Queda la elección: dejar que lo viejo siga viviendo y oprimiendo o buscar lo nuevo a sabiendas de que su nacimiento, como cualquier parto, causará dolor. El miedo nos consume, nos paraliza; ante el temor de perder lo poco que tenemos, optamos por mantener lo viejo, la ‘seguridad’ de nuestra miseria, pero hay que ser conscientes de que cuando lo nuevo sea inevitable, cuando lo nuevo se abra paso por el peso de su justicia, debemos darle la bienvenida.

Si el poder no sirve a los intereses y el bienestar del pueblo, ese poder debe caer. No se espanten, por favor, si ello implica violencia, legítima violencia.

PD: ¿Se acuerdan cómo detuvimos los fraudes electorales de 1988 y 2006, la violencia de la “Guerra contra el Narco”, la imposición de 2012 y la Reforma Energética de 2013 con la protesta pacífica? Yo tampoco.





[i] Para Borideu la práctica la violencia simbólica es parte de estrategias construidas socialmente en el contexto de esquemas asimétricos de poder, caracterizados por la reproducción de los roles sociales, estatus, género, clase social, categorías cognitivas, representación evidente de poder y/o estructuras mentales, puestas en juego cada una o bien todas simultáneamente en su conjunto, como parte de una reproducción encubierta y sistemática.

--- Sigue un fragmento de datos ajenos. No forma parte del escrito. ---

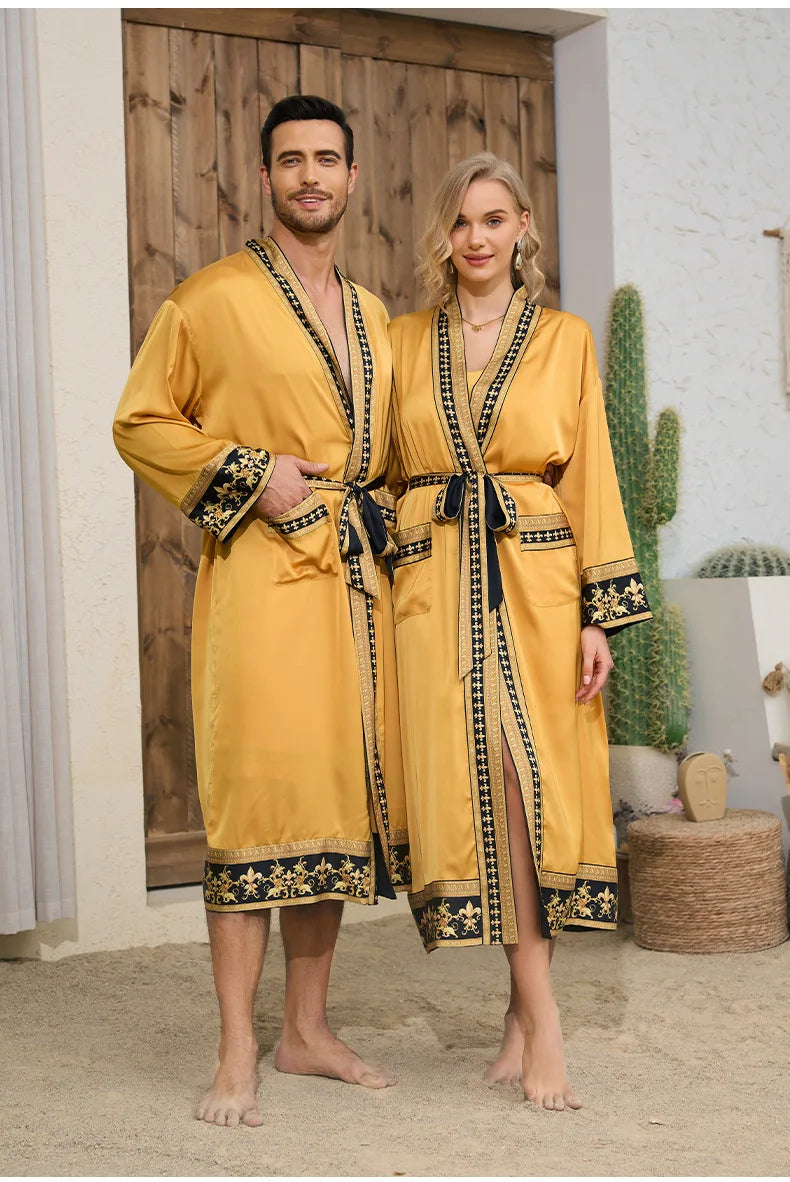 Halat barbati satin kimono – elegant cu imprimeu baroc pentru casa si relaxare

Las prácticas de la violencia simbólica son parte de estrategias construidas socialmente en el contexto de esquemas asimétricos de poder, caracterizados por la reproducción de los roles sociales, estatus, género, clase social, categorías cognitivas, puestas en juego cada una o bien todas simultáneamente en su conjunto, como parte de una reproducción encubierta y sistemática. La violencia simbólica está estrechamente ligada a otros conceptos de Bourdieu como:
-Habitus, el proceso a través del cual se desarrolla la reproducción cultural y la naturalización de determinados comportamientos y valores.

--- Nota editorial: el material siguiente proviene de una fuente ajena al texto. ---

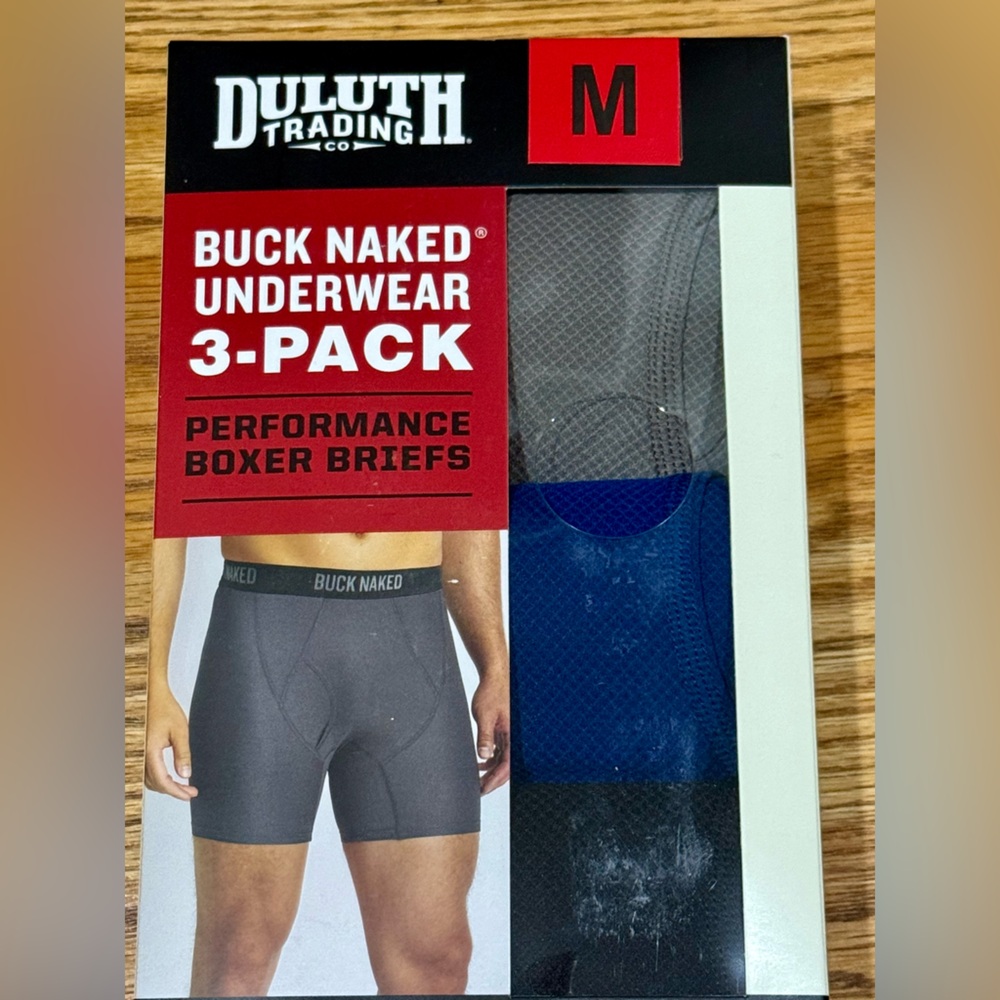 Duluth Trading Co Buck Naked Boxer Briefs 3-Pack - Gray, Blue, and Black - M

-Incorporación, el proceso por el que las relaciones simbólicas repercuten en efectos directos sobre el cuerpo de los sujetos sociales.
Bourdieu nos habla de cómo naturalizamos e interiorizamos las relaciones de poder, convirtiéndolas así en evidentes e incuestionables, incluso para los sometidos. De esta manera aparece lo que Bourdieu llama violencia simbólica, la cual no sólo está socialmente construida, sino que también nos determina los límites dentro de los cuales es posible percibir y pensar.
Tenemos que tener en cuenta que el poder simbólico sólo se ejerce con la colaboración de quienes lo padecen, porque contribuyen a establecerlo como tal. Según Foucault, no podemos hablar de relación de poder sin que exista una posibilidad de resistencia. El subordinado no puede ser reducido a una total pasividad sino que tiene la opción de buscar otras formas de responder al poder tanto individuales como colectivas.
Como advierte Bourdieu (1999), la violencia simbólica no es menos importante, real y efectiva que una violencia activa ya que no se trata de una violencia “espiritual” sino que también posee efectos reales sobre la persona.
Para identificar la violencia simbólica lo primero es identificar que este tipo de violencia se ejerce a través de la publicidad, las letras de canciones, del refranero y de los dichos populares, juegos de video, novelas, revistas o caricaturas. Lo segundo es cuestionarnos, preguntarnos sobre los mensajes que recibimos y que generalmente son tomados como verdad absoluta.